The Mayor of Okotoks still wants to know why the provincial government wants its own police force.
Tanya Thorn says her mind hasn't changed since last week's announcement from the justice minister of a deployment model.
"There's very little detail of what is the problem we're trying to solve, and so without knowing what that problem is it's really hard to evaluate a deployment model to determine whether that model solves that problem."
She says the issue of costs keeps getting pushed down the road.
The Town of Okotoks has a Municipal Police Service Agreement with the federal government for the RCMP and at last week's technical briefing Thorn says she was told the government would have to figure out what a new agreement would look like.
"It's still super light on details for me as an elected official for Okotoks to go to my residents and say this makes good financial sense for us, this will give us better public safety, this will improve these three things that you've said are a problem, I have none of those details yet and in fact what I do have leads me to believing it makes it worse for my community," Thorn says.

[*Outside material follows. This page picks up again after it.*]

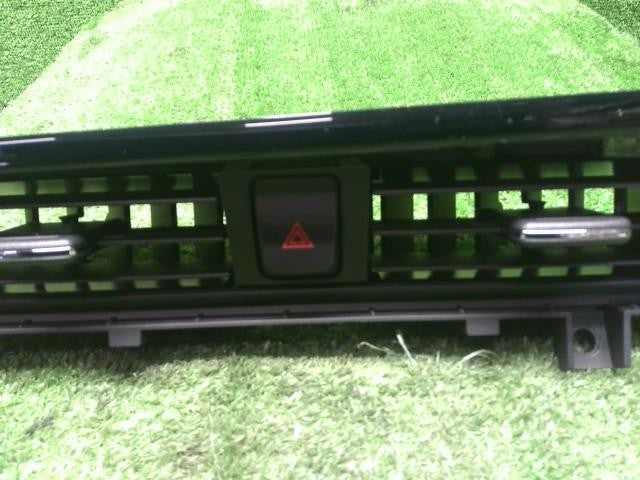 6AA-P15 キックス センターエアコン吹出口 AC吹き出し口 ハザードスイッチ 自社品番250038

One issue the province has talked about is having better oversight over the police than they do now with the RCMP but the mayor says they have good communication now.
"Don't get me wrong, there are challenges with the RCMP and with the RCMP model, however, we have a great working relationship with our detachment and our detachment commander, I have a monthly conversation with them, we get a quarterly report that keeps us apprised of where we are with resources, crime statistics, lasts year we did a community engagement survey, well we did it in partnership with the RCMP, the RCMP went out and met with the community to find out what our priorities should be," she says.
"So they heard feedback from my community in setting those priorities and one of them was community visibility so this summer they launched foot patrols and bike patrols, they're at community events, that's all in response to what Okotoks residents have wanted to see."
The idea of having more frontline officers, she says, is something the province has control over and they don't need a new police force to put more boots on the ground.
She wonders if the province has $366 million, the estimated cost of the transition, and why it doesn't put that money toward some of the public safety issues already out there.
Thorn has been the chair of the interim police advisory board for the last two years which brings the department of justice, municipalities and K Division, which covers the RCMP across Alberta together and there have been significant shifts in what K Division has been doing.